本連載では第一線のPerlハッカーが回替わりで執筆していきます。今回は@techno_nekoこと伊藤智章さんが、Perlで音を扱う方法について紹介します。
Perlで「音」は扱える?
Perlと言えば文字列操作やWebアプリケーションのイメージが強いと思いますが、今回は「音」を扱って信号処理を行うという、ちょっと特殊なPerlの使い方を紹介します。まずPerlで音を作って、次にビートを刻み、最後にWAVEファイルに出力する方法を説明します。
なお、本稿のコードはWEB+DB PRESS Vol.69のサポートサイトからダウンロードできますので、ぜひみなさんも実際に動かして音を聴いてみてください。
波形のお話
普段みなさんが耳にしている音は、とても複雑な波形(空気の振動)です。今回はその複雑な波形を作るために、いくつかの基本波形を合成して音を作ります(図1)。これらの波形は、三角関数のように同じデータを繰り返すものと、乱数を用いて生成したノイズで表現されます。

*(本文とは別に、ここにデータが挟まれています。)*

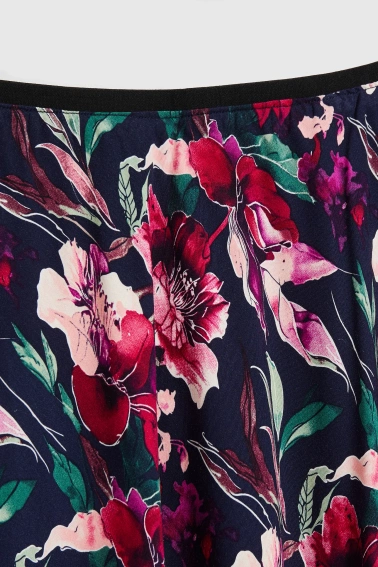 Spódnica w kwiaty granatowa 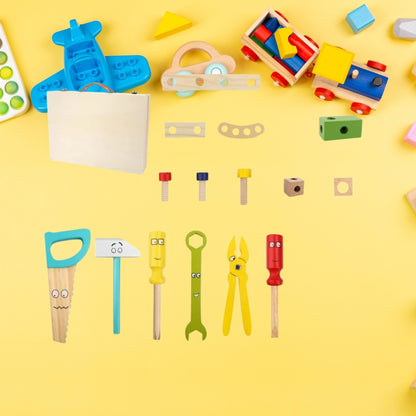 Werkzeugkasten aus Holz - 35-teiliges Konstruktionslehrspielzeug für Kinder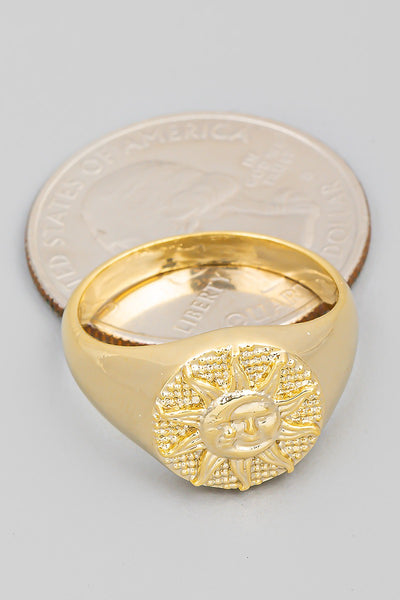 Sun And Moon Face Signet Ring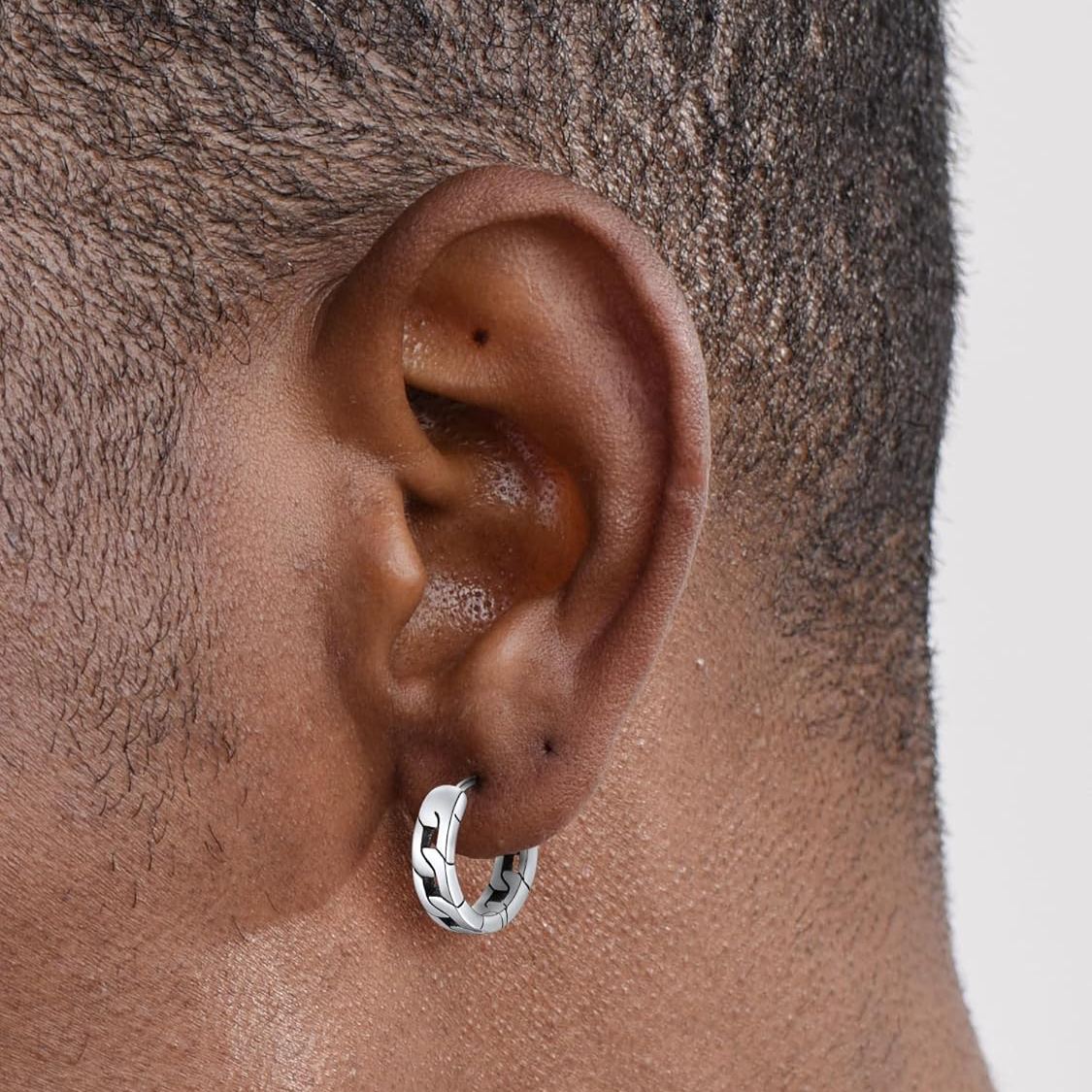 Cuban Chain Link Hypoallergenic Hoops Earrings for Men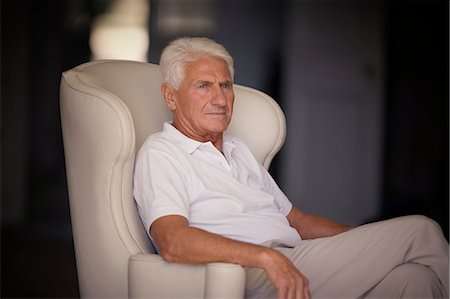 senior man introspective - Portrait of an elderly man in a thoughtful mood. Stock Photo - Premium Royalty-Free, Code: 6128-08825352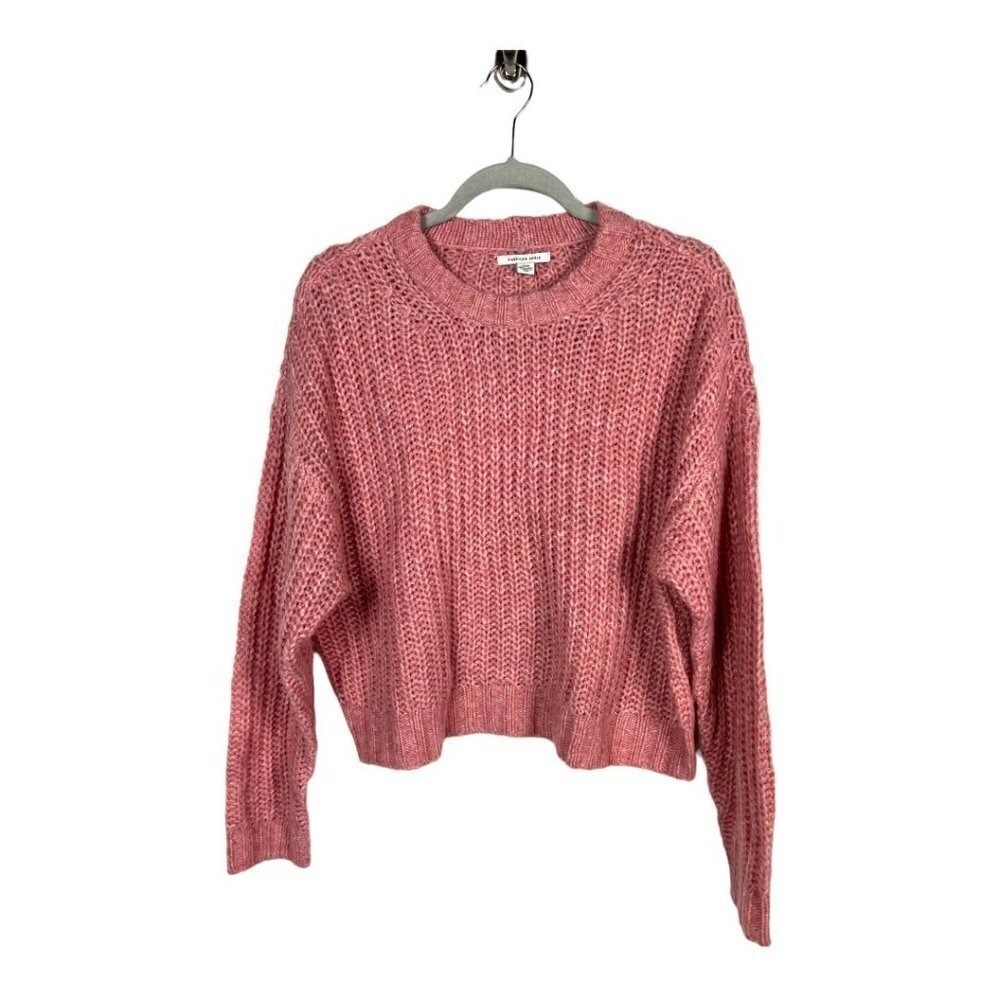 American Eagle Outfitters Pink Textured Chunky Knit Cropped‎ Sweater Women's S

リスト1は波形を生成する関数を返すコードです。最初に、ノイズ波形のもととなるノイズデータの初期化を行います。ノイズ波形とは、rand()の戻り値のように周期を持たない波形を指します。ノイズデータは、好みの音が出る状態を保持するために、(1)のようにsrand()による初期化を行ってあらかじめ配列に格納しておきます。これにより、今回の音作りに適したノイズ波形を安定的に生成できます。実際に波形データを生成する関数は(2)のように定義して、あとのコードでこれらを簡単に呼び出せるように、波形の名前を指定して関数を取得できる(3)のcreate_mod_func()を定義しています。
音程のお話
図2のように、1オクターブを12等分して算出した音律(周波数と音程の関係)を十二平均律と言います。今回は、一般的に多く採用されている基準となるラの音を440Hzとした場合の、残りの音程の周波数を算出する方法を紹介します。
Perlによる実装
リスト2は、図2のindexと周波数の関係をコードに落とし込んだものです。たとえばドの音の周波数を計算したい場合は、図2の横軸からドに対応するindexを選択して、(1)のように関数の引数として与えて算出します。さらに1オクターブ高い音の周波数を計算する場合は(2)のように12足したものを与え、逆に1オクターブ低い音の周波数を計算する場合は(3)のように12引いたものを引数に与えます。